NHPF Grabs Historic Hotel Covent in Chicago

The deal marks the organization's second SRO mixed-use asset acquisition in the Windy City.
2653 N. Clark St., Chicago

2653 N. Clark St., Chicago

Chicago—Not-for-profit organization The NHP Foundation has acquired the historic Hotel Covent, a mixed-use multifamily asset in Chicago’s vibrant Lincoln Park neighborhood. The company, which is dedicated to preserving and creating sustainable, service-enriched multifamily housing, purchased the building through a financial partnership with Community Investment Corp. (CIC) and the Chicago Community Loan Fund (CCLF), which lent NHPF $5 million and $2.2 million, respectively.

Located at 2653 N. Clark St., Hotel Covent was originally built back in the early 1900s and was initially attached to a 2,500-seat theater. The property now incorporates 64 single-resident occupancy (SRO) rooms, as well as seven ground-level retail storefronts and an 18,000-square-foot parking lot behind the building.

“The Hotel Covent acquisition presents another step in our mission to preserve quality affordable housing in key neighborhoods,” NHPF President & CEO Richard Burns said in a prepared statement. “From its unique history, to its desirable location and mixed-use/mixed-income potential, Hotel Covent will become an outstanding example of historic property restoration and optimal housing for low- and moderate-income individuals in Lincoln Park.”

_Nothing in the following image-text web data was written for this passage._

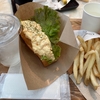 たっぷり卵のプレミアムエッグサンド　デイズサンドウィッチカフェ　（愛知県常滑市）
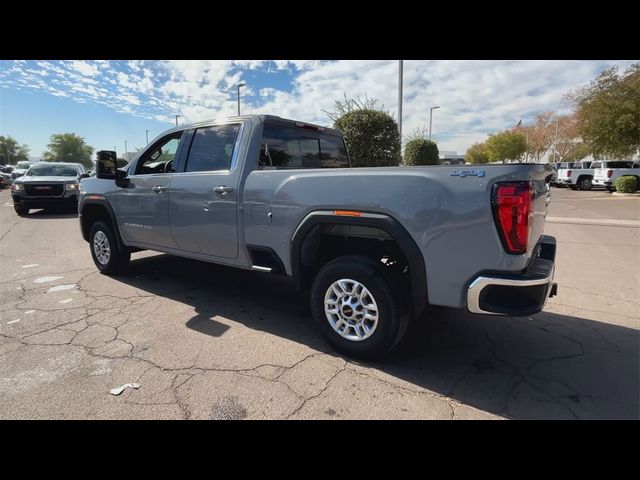 2025 GMC Sierra 2500HD SLE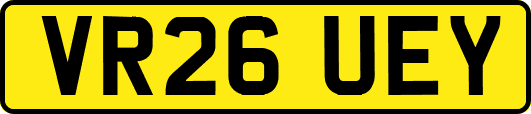 VR26UEY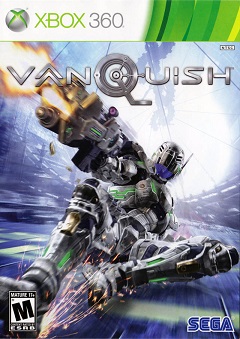 Постер Vanquish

“SROs are a key component of the city’s affordable housing stock, especially in neighborhoods that are becoming less and less affordable to working people, seniors, people with disabilities and veterans,” added Curtis Smith, board president of ONE Northside, an organization working with Hotel Covent tenants.

The purchase of Hotel Covent represents NHPF’s second SRO mixed-use asset acquisition in the Windy City. The organization bought the 152 SRO-unit Mark Twain Hotel in the city’s Gold Coast neighborhood earlier this year. That property is currently being recapitalized and designed for renovation.